Antonia Woodford’s article (“Grad School divided over interviews“; Jan. 11) reveals a disturbing aspect of graduate work in the humanities. Faculty opposition to the policy of interviewing applicants illuminates how we have neglected the role of teaching in scholarship.

Faculty insistence that “personabilty” is irrelevant to work in the humanities (as opposed to the sciences, where students work in communal labs) neglects that serving as teaching fellows, working with colleagues and applying for faculty jobs are all integral elements of graduate work. While charisma and extroversion should not be primary criteria for acceptance, we must acknowledge that a severe inability to communicate will prevent a scholar from making as significant a contribution to her or his field, limit job placement and hinder teaching.

If Yale is already investing approximately $143,000 in each humanities student, it is worth the time and funding to assure that we acquire the most qualified applicants. Professor Eckart Frahm’s notion that, “Occasionally genius hides behind awkwardness, while inversely silver-tongued applicants can turn out to be shallow scholars,” implies that well-spoken applicants are necessarily inferior academics. It is time that we overcome intellectual prejudice against personability and admit that social skills do not preclude genius, but often aid its effectiveness.

Ann Phelps

January 13

The writer is a 2009 graduate of the Institute of Sacred Music and a Saybrook graduate affiliate and research fellow.
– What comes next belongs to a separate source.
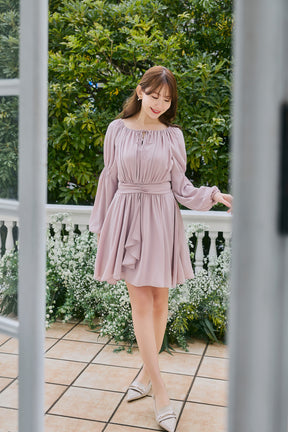 Anaelle Chiffon Mini Dress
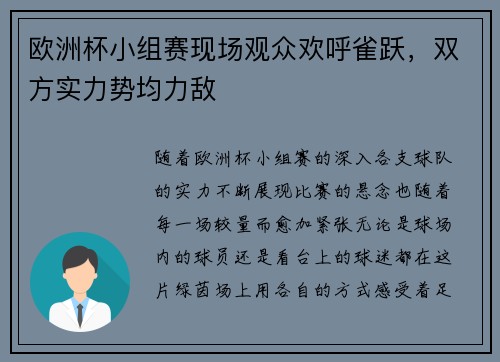 欧洲杯小组赛现场观众欢呼雀跃，双方实力势均力敌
Interviews show commitment to teaching

Dean Thomas Pollard’s directive that candidates for places in the graduate programs be interviewed should be welcome news to undergraduates. Since Yale considers teaching to be a part of graduate school education and guarantees teaching positions to graduate students in their third and fourth years, we have an obligation to admit students who have no obvious and insurmountable obstacles to becoming effective teachers in the classroom. What is at stake is not simply the protection of the graduate students from anything that could be interpreted as violating the rights of the disabled; what is at stake is the right of undergraduates to instructors who are not just “the best minds” on paper, but exemplary presenters of material and leaders of discussion. Though interviews are not perfect tools, they can reveal important information that will help faculty members make more informed choices about the students one can imagine placing in front of the classroom in a couple of years.